* YOUR ASSIGNMENT:
Below are records; the lines starting at the one with "Fabric Wine Gift" and ending at the one with "Aim Super Mario" must be reproduced exactly, both included. Pictures must not appear.

* EXERCISE INPUT:
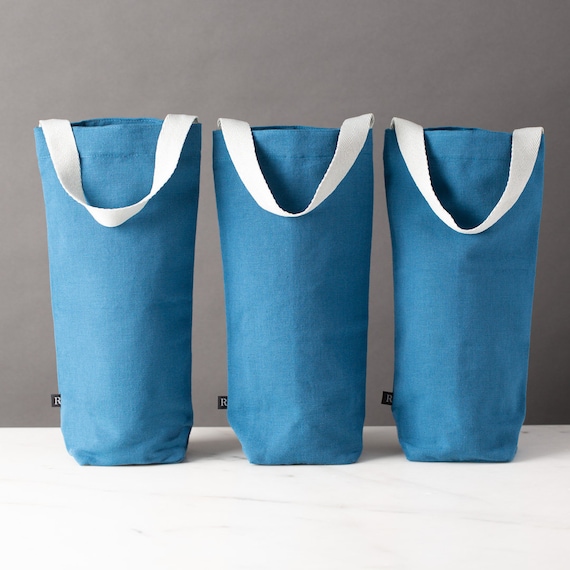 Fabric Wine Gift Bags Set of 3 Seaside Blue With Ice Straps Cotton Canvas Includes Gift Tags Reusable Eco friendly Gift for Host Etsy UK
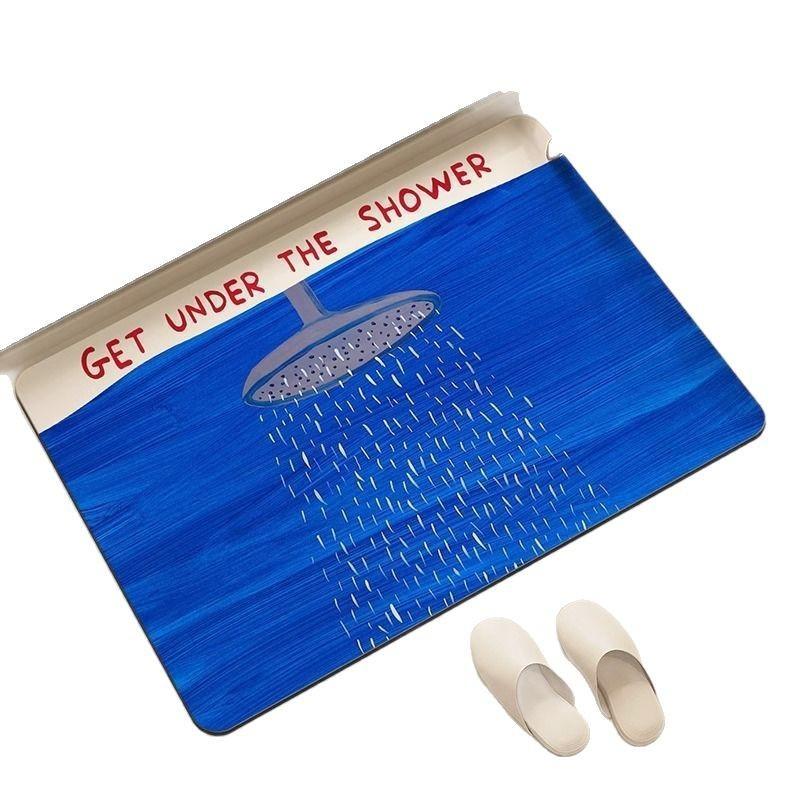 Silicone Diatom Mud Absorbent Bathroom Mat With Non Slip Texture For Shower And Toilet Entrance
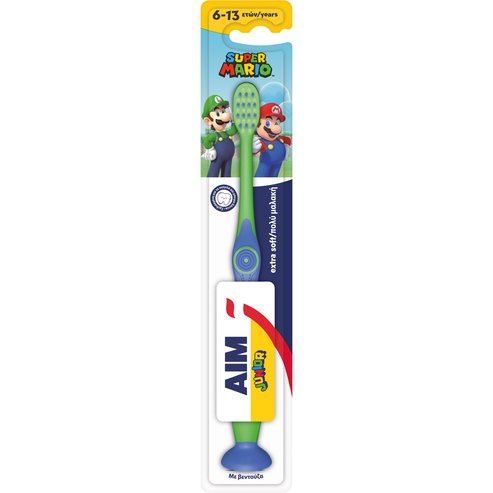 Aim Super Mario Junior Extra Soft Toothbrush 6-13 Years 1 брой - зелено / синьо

---

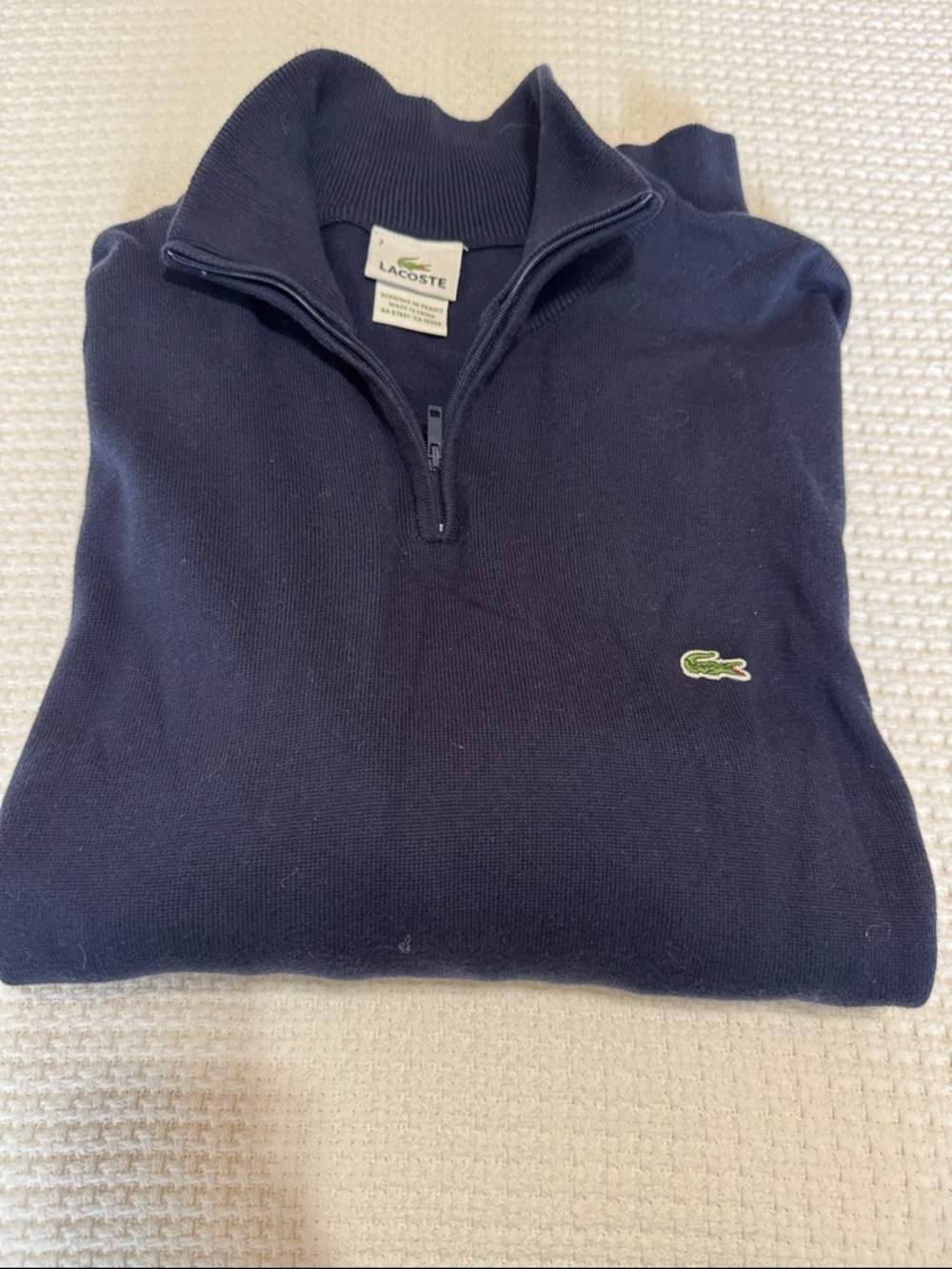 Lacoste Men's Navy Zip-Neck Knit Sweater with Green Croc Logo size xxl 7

* FINISHED EXERCISE:
 Fabric Wine Gift Bags Set of 3 Seaside Blue With Ice Straps Cotton Canvas Includes Gift Tags Reusable Eco friendly Gift for Host Etsy UK
 Silicone Diatom Mud Absorbent Bathroom Mat With Non Slip Texture For Shower And Toilet Entrance
 Aim Super Mario Junior Extra Soft Toothbrush 6-13 Years 1 брой - зелено / синьо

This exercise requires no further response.